The initial discernment came, however, from outside the Reformed tradition. In 1977 the Lutheran World Federation at a meeting in Dar es Salaam declared that a status confessionis did indeed exist in South Africa, and they challenged all white Lutherans to reject apartheid. A year later at a SACC consultation on racism, black Christians called on white Christians to purge the church of racism within twelve months, failing which they “will have no alternative but to witness to the Gospel of Jesus Christ by becoming a confessing church” (De Gruchy 2004:192). Yet, the ecclesiological impact of this discernment and passion was never realised because whilst there were certainly many in the ‘ecumenical churches’ who benefited from apartheid or were racist themselves, none of the churches qua churches actually defended apartheid or racism on theological grounds. In the NG Kerk and the wider Reformed tradition in South Africa, however, it was a different story and it was therefore here that the ideological battle for ‘true doctrine’ was waged and won (see S de Gruchy 2006).

Under the leadership of Alan Boesak, the Alliance of Black Reformed Christians in South Africa (ABRECSA) was formed in 1981, and it immediately put to the South African member churches of WARC, (the World Alliance of Reformed Churches, i.e. the NG family, Presbyterian and Congregational churches) that the status confessionis was indeed real, that apartheid was a ‘false gospel’ and its theological justification a heresy. This message then exploded onto the world stage when the General Council meeting of WARC in Ottawa, Canada in 1982 recognised the status confessionis in South Africa and declared that “apartheid is a sin, and that its moral and theological justification … a theological heresy.” (See De Gruchy 2004). This declaration meant that the Reformed churches in South Africa were called upon to confess their faith in this context of ‘disobedience to the Word of God’, and so at the General Synod of the NG Sendingkerk in September and October 1982, the draft Belhar Confession was adopted.
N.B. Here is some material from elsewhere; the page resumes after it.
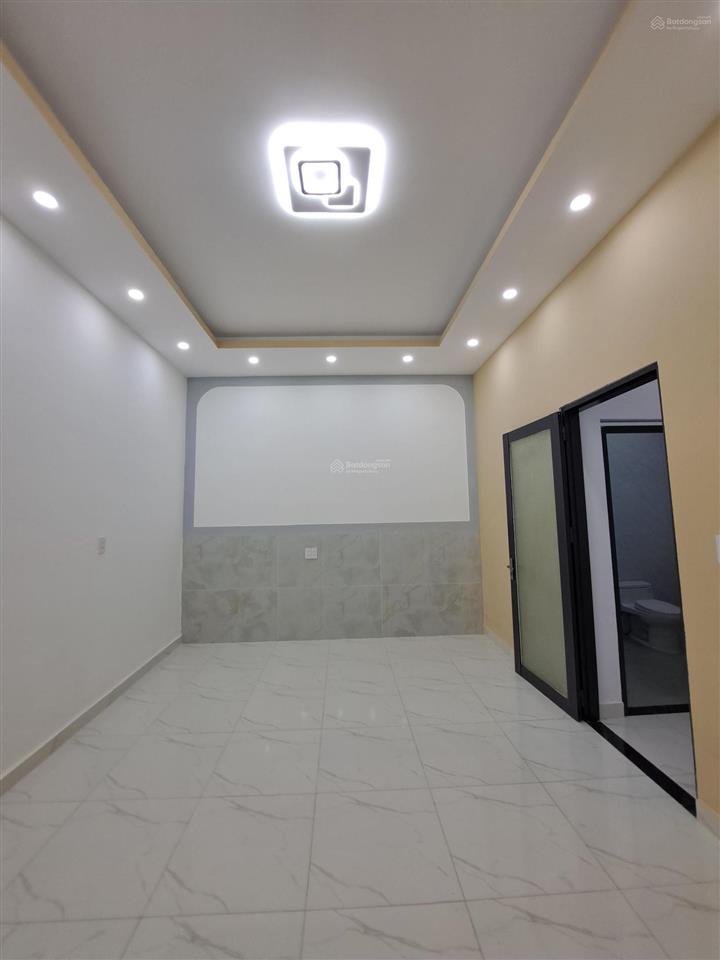 Nhà lê văn quới ngay ngã tư 4 xã, quận bình tân 73m2 cn siêu khủng 5.6m*13m chỉ 4. x tỷ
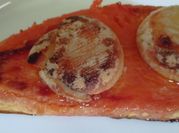 Une photo de toast chevre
After it was sent down to local congregations, it was formally adopted by the Church in 1986.

Belhar is a simple, short, and yet profound confession of faith in the face of the ‘heresy’ of apartheid (See Cloete and Smit). It comprises five clauses, with the first and last being a very short statement of faith in the triune God and a commitment to the confession itself. The other three clauses each focus on a key issue at the heart of the heresy of apartheid: unity, reconciliation and justice. Clause 2 on unity affirms the one-ness in Christ that is at the heart of the church, and rejects the way that apartheid has entrenched division in the church. Clause 3 affirms that the church is entrusted with the gospel of reconciliation and includes the claim “that the credibility of this message is seriously affected and its beneficial work obstructed when it is proclaimed in a land which professes to be Christian, but in which the enforced separation of people on a racial basis promotes and perpetuates alienation, hatred and enmity.”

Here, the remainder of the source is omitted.